Слово «литература» происходит от латинского «Litera», от своей основы, – от буквы-литеры. Литера – иероглиф звука, выражение первомузыки смысла…

Однажды в юности я стоял на берегу лимана, близ входа в катакомбы, была ночь. Звезды светили ярко, и я намеренно расконцентрировал зрение… Небо стало сверкающе-туманным и вдруг – нежданным видением звезды сложились в иероглиф…

 

В прошлые века в России предпочитали «литературе» понятие – «словесность». Мне всегда казалось, что «Словесность» на звук легче, тоньше, что Словесность — белого, крылатого цвета… Словесность – от «Слова» – «Вначале было Слово и Слово было у Бога, и Слово было Бог. «… Первозданное Слово соткано из звуков, подобных пифагорейской музыке движения звезд, планет. Музыка Слова – музыка строящей гармонии… Для греков, на языке которых «Слово» и дошло до нас, зазвучало в Благовестии Иоанновом, — Логос-слово – означает не только Божественное слово, но и Верховный разум, сознающий самое себя… Разум созидающий.

 

В поэтическом начале литературы и словесности лежала еще священная музыка Слова… В древней Греции Дельфийский оракул через опьяненных дымом воскурений жриц, вещал стихами о прошлом и будущем… Когда он стал иссякать, заговорил прозой.

 

Ритмическое начало, скрытое в слове, строило вселенные этносов.

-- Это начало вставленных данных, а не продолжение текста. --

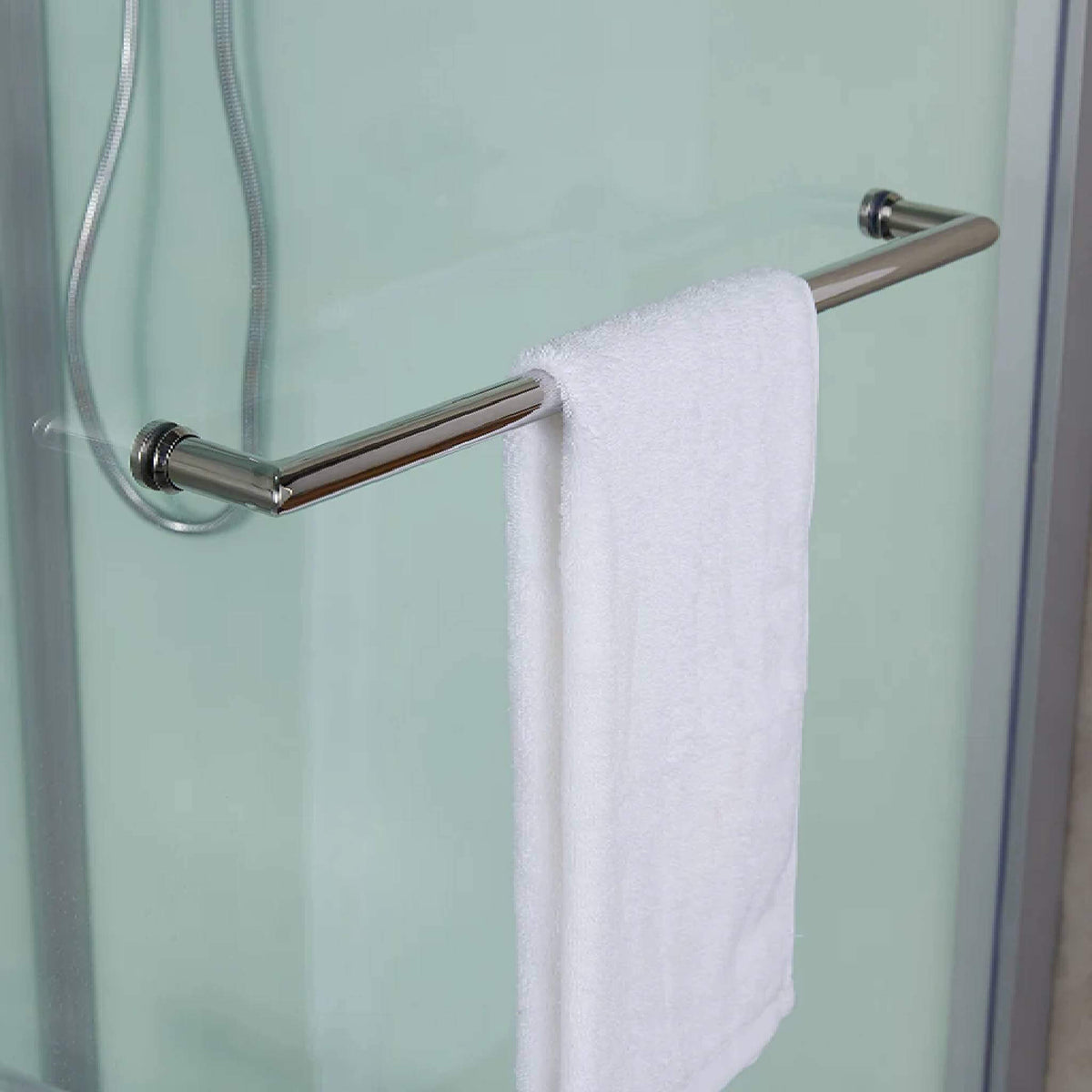 Maya Bath Platinum Arezzo Steam Shower with Rainfall Ceiling Head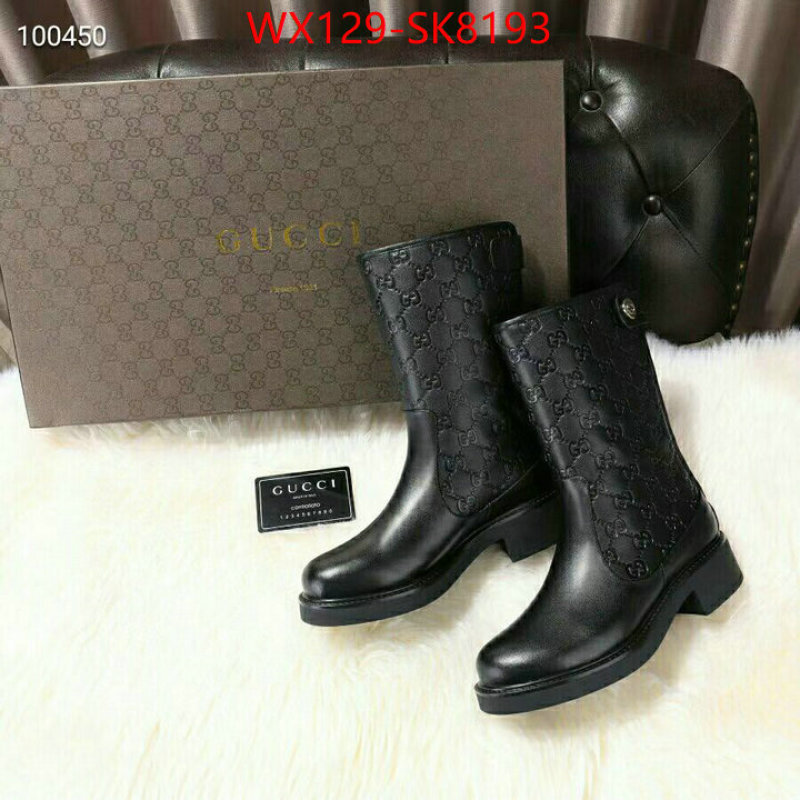 Women Shoes-Boots replica shop ID: SK8193 $: 129USD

Создавало их хронос и эпос…

 

Слово в эпической, колокольно гремящей высоте было в древности столь гармонично, что, по легенде, на слово святого поворачивались, двигались травы…

 

И вот через века, когда сказители – аэды, рапсоды, ашуги прошлого ушли в вечность, — писателям пришлось стать создающими творцами литературы, словесности. Они продолжили то, что начато было духовно эпосом. Писатель невольно обернулся творцом, — творящим демиургом умозрительной, но способной заполнить разум другого, реальности… Влияние на умы. Создание своей реальности навстречу реальности существующей…

 

Мир живой куда сложнее, чем качание маятника меж Да и Нет… Меж добром и злом раскачивается видящее око писателя, жизнь отражая. Какова амплитуда этого ритма – такова суть каждого пишущего…

 

Лицо писателя – его стиль. Невозможен стиль без музыкального ритма. Ритм доминантен везде – и в эпосе Гомера и в косноязычных откровениях Велимира Хлебникова и в прихотливых инверсиях Андрея Белого и в звучнопевных стихиях поэзии Бальмонта…

 

Как в эпоху Гомера, так и в Серебряный век жили души естественные по своей сути. И из числа таких душ избранные поднимались в мир культуры – раскрыв своё творческое «я»…

 

М.Горький как-то писал, погрузившись в воображаемый мир. И вдруг домашние услышали слабый вскрик, вбежали, он лежал на полу, без сознания. Когда он пришел в себя, сказал шепотом – А знаете, как это больно, когда ножом – в живот?… На его боку под рубашкой краснела полоса. Писатель столь сильно пережил то, что перенес его герой, столь волевым образом вошел в то, что было в эйдосе, – образной сфере его сознания, что на боку писателя появился стигмат. Стигматы проявляются у верующих католиков, переживающих взлет к искупительной истине христианства…

 

Итак, эйдос сознания, зрительное воображение. Его можно развивать рисованием. Образы пером чертили и Пушкин и Достоевский. Лермонтов был прекрасным живописцем…

 

А музыка в чистом виде? Например Б. Пастернак и сестры Цветаевы играли на фортепьяно. И только ли они… Но это – желательная сопредельность, универсальная возможность, искус всеобщности в искусстве… Как творцу, демиургу не стремиться к универсальности…

 

Творец,  демиург не может не быть Личностью.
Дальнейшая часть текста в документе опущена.